Ich bin vom Strohhaufen gerutscht und sitze auf dem Boden. Woher ich auch komme und was ich auch bin, ich will nicht in einem Stall sterben, allein mit einem Pferd. Subadar schaut mit mildem Interesse umher; er merkt, dass meine Zeit in diesem Stall zu Ende geht. Ich richte mich auf – ich fühle mich wirklich sonderbar, als wären meine Arme sehr lang und meine Hände ganz schwer – und gehe zur Tür. Zum Glück ist das Schloss nur eingehängt; ich kann ohne weiteres hinaus in den Regen wandern. Ich muss um den ganzen Stall herumgehen, um zum Haus zu gelangen. Es scheint ewig zu dauern. Das Haus ist vor mir, kommt aber nicht näher. Irgendwann merke ich, dass ich weine und wie ein Baby schniefe. Es ist ekelhaft, aber ich kann nicht aufhören. Ich scheine seitlich zu gehen, als gäbe es ein Kraftfeld um das Haus, das dreckige Zigeuner abhalten soll. So taumele ich bis zur Vorderseite.

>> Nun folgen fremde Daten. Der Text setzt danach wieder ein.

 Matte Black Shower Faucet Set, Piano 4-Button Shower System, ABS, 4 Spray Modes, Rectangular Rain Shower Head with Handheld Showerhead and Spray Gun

Katies Zimmer geht zu dieser Seite, aber ich weiß nicht, welche Fenster ihre sind. Nirgendwo brennt Licht. Dann frage ich mich, ob es so klug ist, Katie zu wecken. Ich habe das Gefühl, sie will nicht, dass ihre Eltern von mir erfahren, egal wie krank ich bin, damit sie mich weiter im Stall halten kann wie ihr Pferd. Wie ein Haustier. Dabei brauche ich gerade jetzt einen Erwachsenen.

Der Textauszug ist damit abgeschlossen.